I think it's shortsighted to assume that certain scenarios couldn't possibly be funny. But the problem with Get Hard's gay panic is that it doesn't make a clear enough distinction between the characters' discomfort with homosexuality and the noxious idea that gay sex is objectively worth mocking. Again, if James was a blue-blooded cretin snob, then the joke would be on him, his bigotry shockingly confronted and his uptightness played for laughs. But that's not how it plays in Get Hard. Television shows from the 1990s like Seinfeld ("The Outing") or The Simpsons ("Homer's Phobia") have figured out how to skewer straight people's ignorance in a shorter time frame and with more content restrictions than Get Hard has to face, and yet they're more incisive and funnier than anything Ferrell and his crew manage to produce here.

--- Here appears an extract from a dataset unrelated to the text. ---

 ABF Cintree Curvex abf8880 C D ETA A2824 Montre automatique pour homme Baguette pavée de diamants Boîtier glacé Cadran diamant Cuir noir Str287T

Everywhere Get Hard goes, it willingly barrels headfirst into racial or gender stereotypes. Darnell's cousin (played by T.I.) has been to prison, and he and his posse live in Crenshaw, one of L.A.'s most notoriously dangerous neighborhoods, which is the film's polite code for he's a "real" black man. But here or elsewhere in the film, like when James inexplicably tries infiltrating a white-supremacist gang so he can be protected in prison, the one-note portrayals don't mock the cultural assumptions but simply perpetuate them.

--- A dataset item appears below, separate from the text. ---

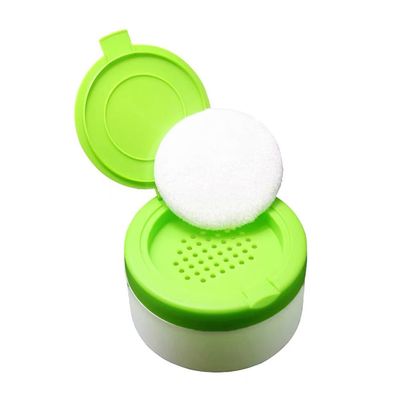 1PC Empty Refillable Green Plastic Baby Skin Care Baby Bath Puff Container Kit Talcum Powder Case Storage Make-up Loose Box Holder Jars with Fluff and Sifter for Home and Travel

Even the stars' performances add to the problem. Ferrell, dialing it down from his Anchorman/Talladega Nights brand of boisterous buffoonery, doesn't bring any angle to his lame ol' white guy character, and Hart does his usual incensed-guy-with-Napoleon-complex routine, but without the freshness it once had. They're themselves stereotypes of white and black movie characters, but the filmmakers don't do enough to spoof the clichés they're presenting. Some of our greatest thinkers, Spinal Tap, once observed that it can be such a fine line between stupid and clever. Get Hard dances right past that line and sets up permanent lodging in moronic. That doesn't make the film evil, just unfortunate.